From a Google search:

"Smart quotes are a feature found in many popular word processing
programs. They're smart because they automatically insert open
quotation marks at the beginning of a word and closed quotation marks
at the end. Unfortunately, HTML is not smart enough for smart quotes
since they aren't plain ASCII, so if you have smart quotes in your
code, you'll end up with some strange characters on your Web page. Be
sure to have smart quotes turned off whenever writing HTML code. "

···

On Fri, 11 Jun 2004 01:53:37 +0900, Robert Klemme <bob.news@gmx.net> wrote:

"Martin DeMello" <martindemello@yahoo.com> schrieb im Newsbeitrag
news:SjZxc.723802$oR5.571658@pd7tw3no...

> Trying to save myself a bit of tedium - has anyone already written code
> to replace smart quotes and other such extensions with their normal
> ascii equivalents?

What exactly are "smart quotes"?

    robert

Quotations from interesting people in history that you can use to make
you look smart.

Gavin

···

On Friday, June 11, 2004, 2:53:37 AM, Robert wrote:

"Martin DeMello" <martindemello@yahoo.com> schrieb im Newsbeitrag
news:SjZxc.723802$oR5.571658@pd7tw3no...

Trying to save myself a bit of tedium - has anyone already written code
to replace smart quotes and other such extensions with their normal
ascii equivalents?

What exactly are "smart quotes"?

Not what I meant - I want to go through an 'extended ascii' document,
and replace every extended quote character with its ascii equivalent.

FWIW, pasting into vim and typing 'show ascii' gives Hex93 for the open "
and Hex94 for the close one - I was hoping someone had already written a
tr string to do the lot (there's an ellipsis, an en- and em-dash, and a
few other punctuation marks too).

martin

···

Stephan Kämper <Stephan.Kaemper@schleswig-holstein.de> wrote:

Martin DeMello wrote:

> Trying to save myself a bit of tedium - has anyone already written code
> to replace smart quotes and other such extensions with their normal
> ascii equivalents?

I think _why did, at least RedCloth handles qoutes nicely.

"Smart quotes are a feature found in many popular word processing
programs. They're smart because they automatically insert open
quotation marks at the beginning of a word and closed quotation marks
at the end.

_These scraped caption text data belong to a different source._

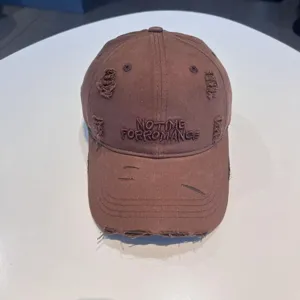 Vintage distressed brown baseball cap with front embroidery, casual streetwear style.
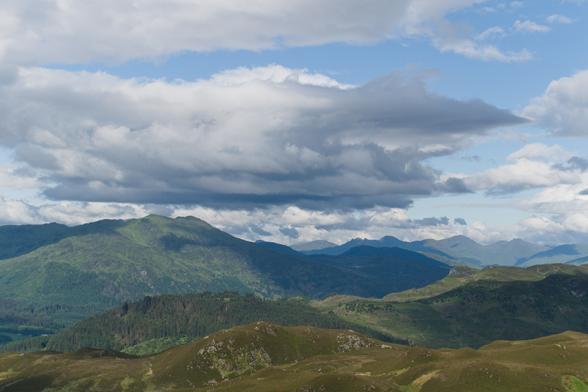 green mountains in light and shadow with clouds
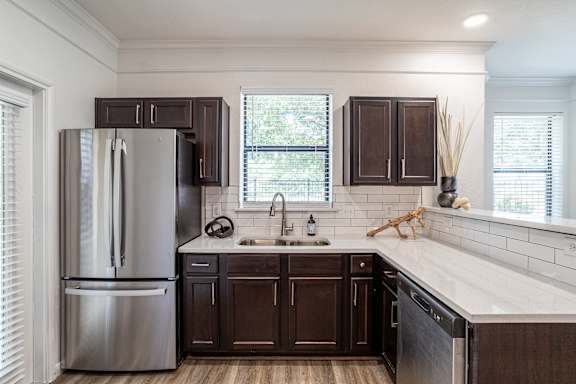 Kitchen with dishwasher at Grand Villas at Cinco Ranch, Texas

Unfortunately, HTML is not smart enough for smart quotes
since they aren't plain ASCII, so if you have smart quotes in your
code, you'll end up with some strange characters on your Web page. Be
sure to have smart quotes turned off whenever writing HTML code. "

Actually, just put the appropriate character set declaration in your
code, and it works nicely:

<meta http-equiv='Content-type' value='text/html; charset=iso8859-1' />

If you speak English and the smart quotes are one byte, then iso-8859-1
is for you. If they're two bytes, then UTF-8 is the character set that's
being used.

If you're not in a primarily English-speaking country, it'll be iso-
8859-something-else (-2 for poland, I know -- there's a list if you
look.)

"Gavin Sinclair" <gsinclair@soyabean.com.au> schrieb im Newsbeitrag
news:110-1972184642.20040611091139@soyabean.com.au...

···

On Friday, June 11, 2004, 2:53:37 AM, Robert wrote:

> "Martin DeMello" <martindemello@yahoo.com> schrieb im Newsbeitrag
> news:SjZxc.723802$oR5.571658@pd7tw3no...
>> Trying to save myself a bit of tedium - has anyone already written code
>> to replace smart quotes and other such extensions with their normal
>> ascii equivalents?

> What exactly are "smart quotes"?

Quotations from interesting people in history that you can use to make
you look smart.

Ah, much better... :-))

    robert

This is wrong. ISO-8859-1 doesn't include smart quotes. You're likely
using the windows-1252 character set (aka cp1252), a Microsoft extension
of ISO-8859-1 that much of their software likes to claim is the actual
standard character set. Please accurately label the character set that
is used following the standards.

A list of characters that actually are in ISO-8859-1, along with the
extensions present in windows-1252 is available at:

  <404 Page Not Found -- psacake.com;

···

At 02:19 +0900 11 Jun 2004, Aredridel <aredridel@nbtsc.org> wrote:

If you speak English and the smart quotes are one byte, then iso-8859-1
is for you. If they're two bytes, then UTF-8 is the character set that's

"Aaron Schrab" <aaron@schrab.com> schrieb im Newsbeitrag
news:20040611001516.GA11137@frell.qqx.org...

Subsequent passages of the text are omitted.